On page 92 Mr. Bonsal says that Captain Capron's troop was ambushed, and that it received the enemy's fire a quarter of an hour before it was expected. This is simply not so. Before the column stopped we had passed a dead Cuban, killed in the preceding day's skirmish, and General Wood had notified me on information he had received from Capron that we might come into contact with the Spaniards at any moment, and, as I have already said, Captain Capron discovered the Spanish outpost, and we halted and partially deployed the column before the firing began. We were at the time exactly where we had expected to come across the Spaniards. Mr. Bonsal, after speaking of L Troop, adds: "The remaining troops of the regiment had travelled more leisurely, and more than half an hour elapsed before they came up to Capron's support." As a matter of fact, all the troops travelled at exactly the same rate of speed, although there were stragglers from each, and when Capron halted and sent back word that he had come upon the Spanish outpost, the entire regiment closed up, halted, and most of the men sat down.
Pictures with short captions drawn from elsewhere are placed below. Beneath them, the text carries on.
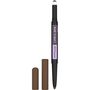 Voir la diapositive 2 : MAYBELLINE Express brow crayon à sourcils duo 025 brunette 1 crayon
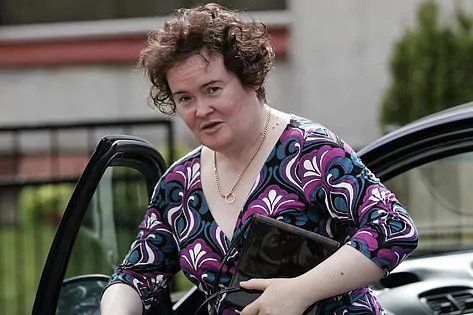 Boyle, unos días después de ganar Got Talent en Reino Unido, en 2009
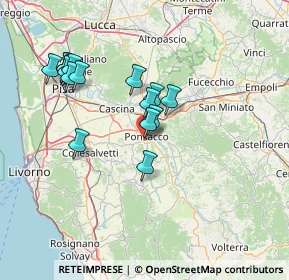 Mappa Via eugenio Montale, 56038 Ponsacco PI, Italia (14.61059)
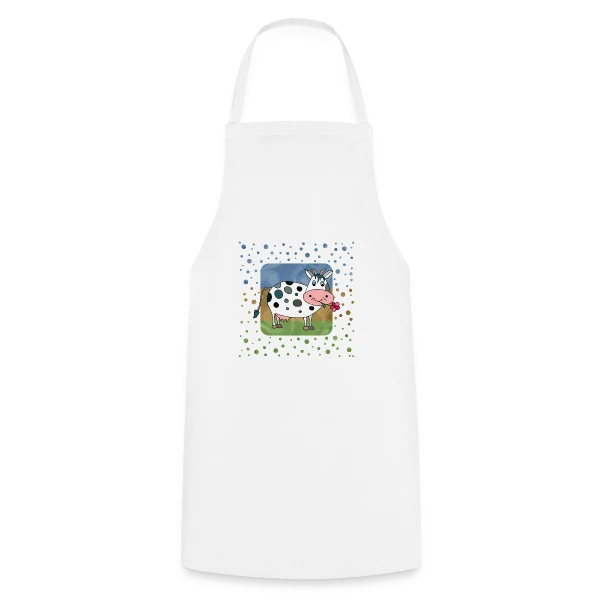 La Vache Joyeuse sur Tablier de cuisine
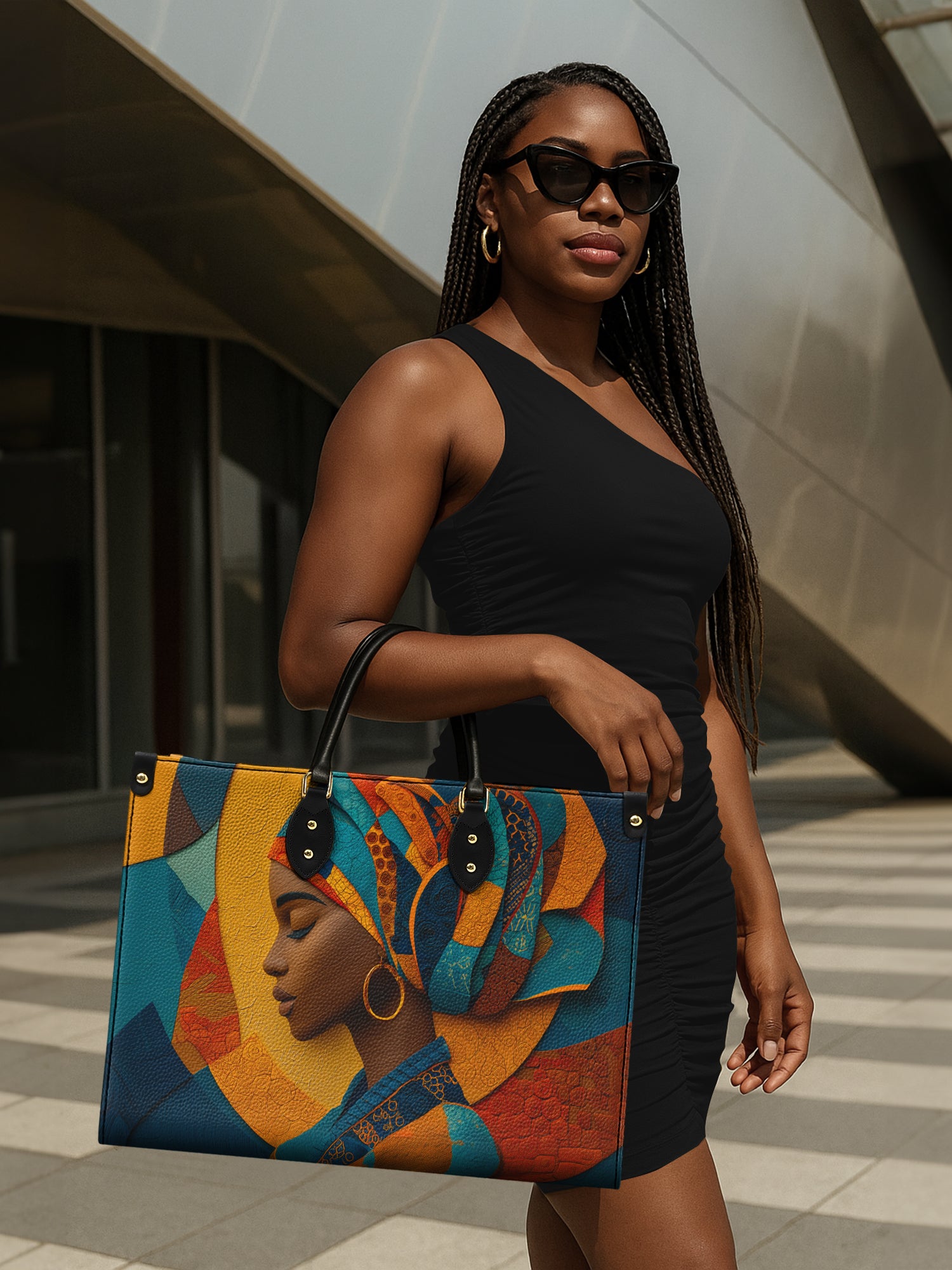 Melanated Muse Premium Leather Handbag QR0HH025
We then, some minutes after the first word had been received, and before any firing had begun, received instructions to deploy. I had my right wing partially deployed before the first shots between the outposts took place. Within less than three minutes I had G Troop, with Llewellen, Greenway, and Leahy, and one platoon of K Troop under Kane, on the firing-line, and it was not until after we reached the firing-line that the heavy volley-firing from the Spaniards began.